New Europe, to employ the label this series adopted, is a semi-continent of contrasts and contradictions, of a strident embrace of the future and its new possibilities, as well as a new insecurity and nostalgic clinging to recent past, no matter how painful and deceitful it actually was. Palin's series had an outstanding opportunity to illuminate these tensions, and give us a balanced analysis of our newly rediscovered neighbours.
It is sad that Palin's series fails to achieve this. It is badly let down both by its format and execution. There may be many effective ways of approaching the subject, but the "artificial vignette" style was a poor choice, lazily executed. Backed by the Palin powerful brand and BBC's enterprising resources, a team of researchers were presumably sent out months ahead to various East European capitals with the mission to arrange, typically,
1. a local twenty-something babe to welcome Palin and show him around,
2. a local "character" for Palin to interview ("make sure it's someone quirky and colourful") and,
3. a couple of equally quirky activities for Palin to self-depreciatingly engage in - you know the type, an "impromptu" invitation to get onstage with some performers, drive a steam train, and so on.
City visits often end with a "surprise" invitation by colourful locals for a singalong barbecue - to demonstrate that a typical extended family in New Europe consists of a band of pig roasting folk musicians, forever on the lookout for a lone foreigner to invite along (providing he has an international film crew in tow).
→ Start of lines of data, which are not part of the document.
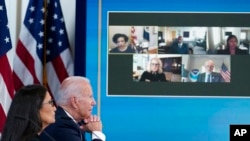 Presiden Joe Biden dan Menteri Dalam Negeri Deb Haaland dalam pertemuan virtual dengan sejumlah gubernur negara bagian untuk membahas kebakaran lahan, di Washington, Rabu, 30 Juni 2021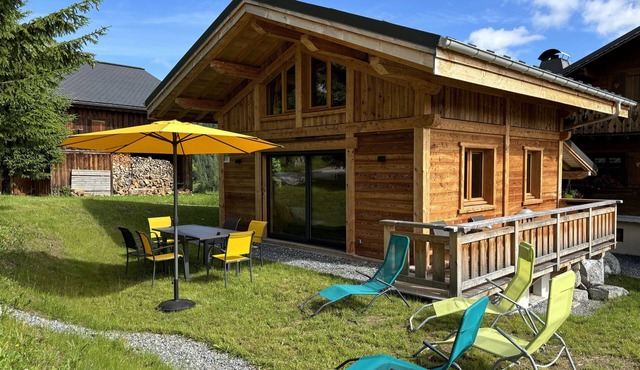 Chalet 'Mazot Savoyard' with Mountain View, Private Terrace and Wi-Fi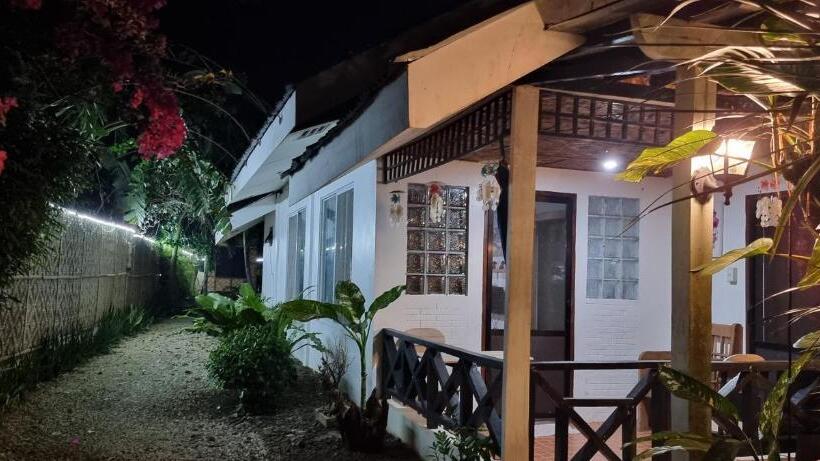 Standard Triple Room with Terrace, Mannah Garden Staycation Place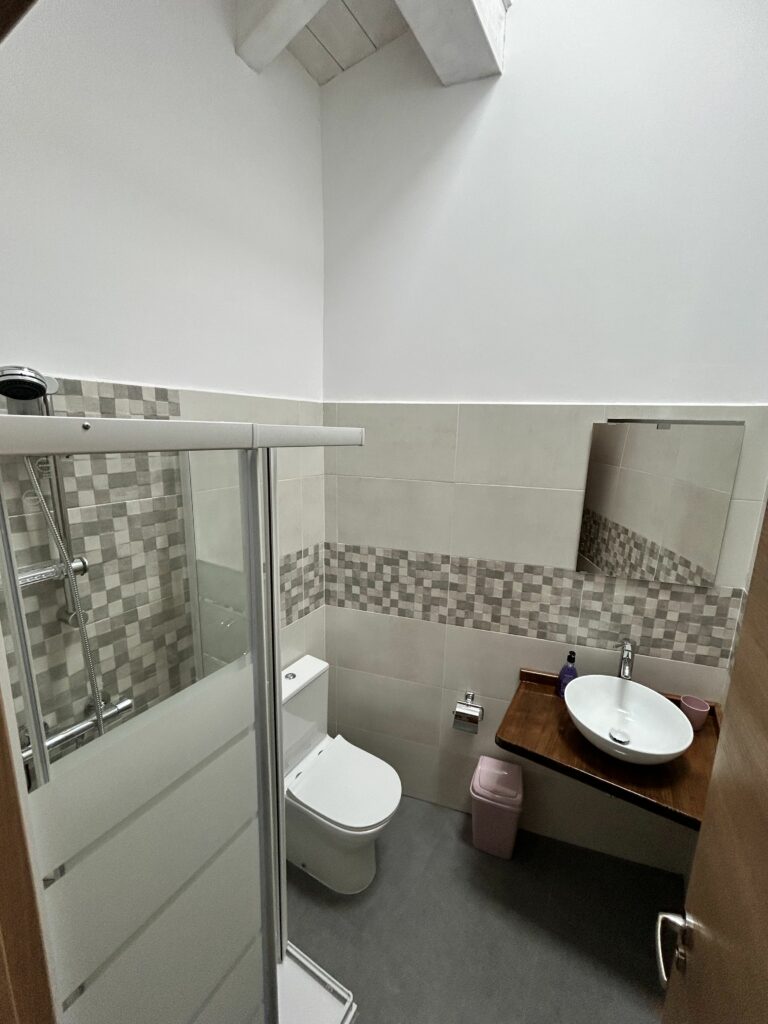 Baño con tragaluz superior y elevado techo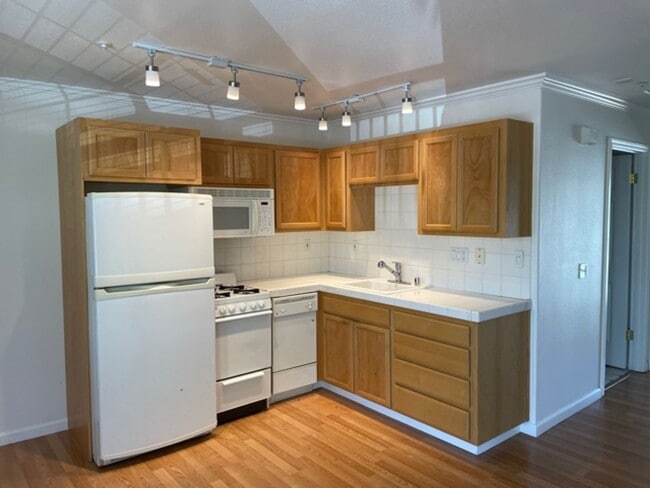 property at 1591 La Esplanada Pl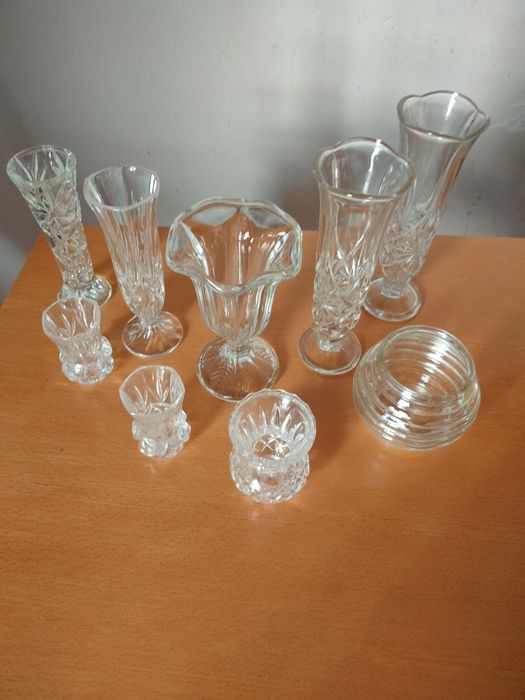 Conjunto de jarras em vidro.
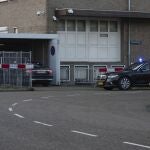 Un policía vigila armado el juicio por el crimen de Vries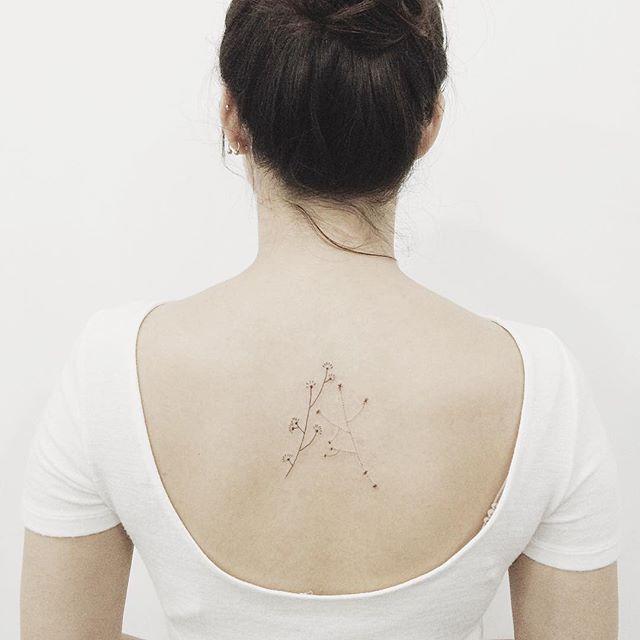 tatuaje espalda para mujer 31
Rather than destroy stereotypes, Palin and his team of researchers appear to go out of their way to reinforce them.
Palin visits a health spa and ends up "unexpectedly" sitting in a mudbath next to the current Miss World, who happens to have the next day or two free to accompany him around the city. Pleasant experience for Michael I'm sure and a coup for the research team, but how did this advance our understanding of New Europe?
The formula is tired, predictable and above all dishonest. This side of WWF, once an audience start feeling duped, they rapidly loose empathy with a programme and its presenter. I watched three episodes at random, and I grew increasingly frustrated. The interviews were superficial, with Palin politely asking shallow and uninspired questions. There was no real engagement and debate, no trying to unravel the real web of tension that is New Europe, just Palin majoring in his role of the slightly awkward but polite uncle at a family wedding.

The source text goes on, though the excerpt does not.